Your answer is the lines below, exactly, from the one that contains "Elvira (Cloth - Over The Rainbow) Figure" through the one that contains "تیشرت زنانه کوتون Koton کد 4WAK63W012W", both included.
START The input
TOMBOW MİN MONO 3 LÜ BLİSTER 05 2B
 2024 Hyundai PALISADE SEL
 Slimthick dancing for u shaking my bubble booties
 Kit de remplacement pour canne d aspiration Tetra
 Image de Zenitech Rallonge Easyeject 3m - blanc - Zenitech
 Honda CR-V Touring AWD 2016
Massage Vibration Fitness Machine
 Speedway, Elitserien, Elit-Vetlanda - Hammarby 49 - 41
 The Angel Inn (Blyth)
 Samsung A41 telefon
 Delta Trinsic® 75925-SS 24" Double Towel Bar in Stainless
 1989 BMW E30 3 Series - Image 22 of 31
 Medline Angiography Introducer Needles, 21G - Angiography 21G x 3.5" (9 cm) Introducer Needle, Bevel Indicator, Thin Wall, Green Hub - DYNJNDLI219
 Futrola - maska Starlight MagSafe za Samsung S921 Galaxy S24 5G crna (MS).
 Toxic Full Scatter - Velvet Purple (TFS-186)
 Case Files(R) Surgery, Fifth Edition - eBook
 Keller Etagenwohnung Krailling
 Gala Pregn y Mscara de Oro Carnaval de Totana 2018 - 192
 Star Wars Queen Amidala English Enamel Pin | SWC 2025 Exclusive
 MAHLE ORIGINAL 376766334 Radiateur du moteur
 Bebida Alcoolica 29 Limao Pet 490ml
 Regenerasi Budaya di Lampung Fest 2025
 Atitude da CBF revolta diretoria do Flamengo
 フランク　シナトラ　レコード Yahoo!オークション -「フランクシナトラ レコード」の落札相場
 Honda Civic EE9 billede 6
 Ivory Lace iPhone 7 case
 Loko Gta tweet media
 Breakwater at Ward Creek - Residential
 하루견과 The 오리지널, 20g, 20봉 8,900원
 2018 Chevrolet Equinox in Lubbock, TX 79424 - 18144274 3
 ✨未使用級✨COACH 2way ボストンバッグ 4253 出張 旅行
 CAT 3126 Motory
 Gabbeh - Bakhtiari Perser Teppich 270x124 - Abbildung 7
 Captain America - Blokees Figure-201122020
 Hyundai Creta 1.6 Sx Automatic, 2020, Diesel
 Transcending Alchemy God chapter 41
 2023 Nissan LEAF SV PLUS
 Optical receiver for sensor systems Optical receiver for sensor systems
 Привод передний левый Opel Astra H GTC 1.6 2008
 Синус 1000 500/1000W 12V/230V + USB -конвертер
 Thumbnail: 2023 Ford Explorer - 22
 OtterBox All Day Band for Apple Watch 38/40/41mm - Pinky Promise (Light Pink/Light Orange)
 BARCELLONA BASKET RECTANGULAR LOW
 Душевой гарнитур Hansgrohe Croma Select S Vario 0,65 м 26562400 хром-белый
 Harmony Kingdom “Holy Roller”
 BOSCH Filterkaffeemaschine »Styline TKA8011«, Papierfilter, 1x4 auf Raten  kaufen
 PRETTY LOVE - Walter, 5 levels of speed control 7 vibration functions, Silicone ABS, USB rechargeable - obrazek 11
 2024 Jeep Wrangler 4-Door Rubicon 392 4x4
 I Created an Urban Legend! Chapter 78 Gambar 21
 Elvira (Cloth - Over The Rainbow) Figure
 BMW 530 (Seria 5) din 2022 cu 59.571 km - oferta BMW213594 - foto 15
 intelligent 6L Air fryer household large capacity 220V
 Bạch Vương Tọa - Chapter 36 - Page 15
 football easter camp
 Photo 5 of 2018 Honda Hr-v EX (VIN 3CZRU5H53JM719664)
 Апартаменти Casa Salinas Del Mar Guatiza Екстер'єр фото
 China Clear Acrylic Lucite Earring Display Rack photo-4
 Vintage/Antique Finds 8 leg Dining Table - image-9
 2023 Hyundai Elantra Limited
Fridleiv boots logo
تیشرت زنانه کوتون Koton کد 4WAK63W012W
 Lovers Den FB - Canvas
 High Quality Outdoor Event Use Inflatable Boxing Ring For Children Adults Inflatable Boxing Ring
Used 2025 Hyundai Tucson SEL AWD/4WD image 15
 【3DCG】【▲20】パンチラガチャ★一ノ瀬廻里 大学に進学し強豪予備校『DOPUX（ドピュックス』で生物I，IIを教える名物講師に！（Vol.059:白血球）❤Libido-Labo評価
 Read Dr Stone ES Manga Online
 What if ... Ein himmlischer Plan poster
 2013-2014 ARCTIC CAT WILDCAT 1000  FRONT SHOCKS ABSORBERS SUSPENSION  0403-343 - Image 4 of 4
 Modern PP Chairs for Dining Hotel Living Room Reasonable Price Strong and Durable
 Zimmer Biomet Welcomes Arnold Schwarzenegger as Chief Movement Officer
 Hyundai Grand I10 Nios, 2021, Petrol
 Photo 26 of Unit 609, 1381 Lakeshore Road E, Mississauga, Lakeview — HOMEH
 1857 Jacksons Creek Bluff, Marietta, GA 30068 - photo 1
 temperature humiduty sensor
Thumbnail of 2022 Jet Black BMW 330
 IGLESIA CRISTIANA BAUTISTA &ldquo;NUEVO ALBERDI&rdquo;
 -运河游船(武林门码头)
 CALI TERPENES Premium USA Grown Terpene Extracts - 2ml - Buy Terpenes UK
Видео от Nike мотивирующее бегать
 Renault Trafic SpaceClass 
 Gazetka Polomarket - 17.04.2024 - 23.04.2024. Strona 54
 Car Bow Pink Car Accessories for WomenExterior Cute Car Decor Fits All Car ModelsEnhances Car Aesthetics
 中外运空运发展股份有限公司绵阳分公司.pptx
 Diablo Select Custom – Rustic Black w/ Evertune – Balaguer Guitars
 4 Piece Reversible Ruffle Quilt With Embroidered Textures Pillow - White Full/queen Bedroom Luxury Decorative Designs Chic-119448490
END The input
-- Task output --
 Elvira (Cloth - Over The Rainbow) Figure
 BMW 530 (Seria 5) din 2022 cu 59.571 km - oferta BMW213594 - foto 15
 intelligent 6L Air fryer household large capacity 220V
 Bạch Vương Tọa - Chapter 36 - Page 15
 football easter camp
 Photo 5 of 2018 Honda Hr-v EX (VIN 3CZRU5H53JM719664)
 Апартаменти Casa Salinas Del Mar Guatiza Екстер'єр фото
 China Clear Acrylic Lucite Earring Display Rack photo-4
 Vintage/Antique Finds 8 leg Dining Table - image-9
 2023 Hyundai Elantra Limited
Fridleiv boots logo
تیشرت زنانه کوتون Koton کد 4WAK63W012W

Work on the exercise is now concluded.